Graphene is a layer of carbon just one atom thick that has a range of unique electronic, mechanical and optical properties that could have great technological promise. Indeed, since its discovery in 2004 the "wonder material" has been used to create transistors and other prototype components.

Hot carriers at all temperatures

Researchers are also keen to create optical devices using graphene and this latest discovery by Pablo Jarillo-Herrero and colleagues at the Massachusetts Institute of Technology and Harvard University could point the way forward. "This so-called hot-carrier regime is very unusual and is normally only seen at extremely low temperatures or in very non-linear processes," explains Jarillo-Herrero. "However, in graphene it occurs at all temperatures from very low up to room temperature – and in the linear regime – when the material is excited with a laser."

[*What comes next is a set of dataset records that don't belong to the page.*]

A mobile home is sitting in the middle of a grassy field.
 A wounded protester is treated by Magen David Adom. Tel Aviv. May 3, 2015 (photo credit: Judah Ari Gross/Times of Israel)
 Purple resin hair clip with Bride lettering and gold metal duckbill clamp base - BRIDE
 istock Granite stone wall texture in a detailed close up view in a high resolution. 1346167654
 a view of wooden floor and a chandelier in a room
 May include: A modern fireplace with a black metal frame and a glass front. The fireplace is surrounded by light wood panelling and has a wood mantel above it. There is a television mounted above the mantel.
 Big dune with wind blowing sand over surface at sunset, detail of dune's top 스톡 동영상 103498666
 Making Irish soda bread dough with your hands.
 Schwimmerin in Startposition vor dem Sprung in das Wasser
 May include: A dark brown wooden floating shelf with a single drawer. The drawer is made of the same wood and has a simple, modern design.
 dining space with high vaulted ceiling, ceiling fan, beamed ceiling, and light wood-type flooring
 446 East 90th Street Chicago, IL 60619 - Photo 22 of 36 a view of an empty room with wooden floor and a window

When a conventional semiconductor is excited with light, high-energy electron–hole pairs are produced. These charge carriers subsequently generate a photocurrent, which is usually driven by an electrostatic potential difference. Such processes form the basis of modern optoelectronics devices.

Graphene is different

Until now, researchers believed that graphene was no different in its reaction to light – although some suspected that thermoelectric processes could be at play in the material. The new research by the MIT–Harvard team has unambiguously confirmed for the first time that these processes are indeed responsible for photocurrent generation in graphene.

The researchers obtained their results by making a host of optoelectronic measurements on complex graphene p–n-junction nanodevices that they had fabricated themselves in the laboratory. In particular, they performed precise spatially resolved optical-excitation microscopy and electron-transport measurements by shining laser light with a wavelength of 850 nm onto the graphene p–n interfaces. They then measured the photocurrent produced in the devices as the laser spot was scanned over the samples.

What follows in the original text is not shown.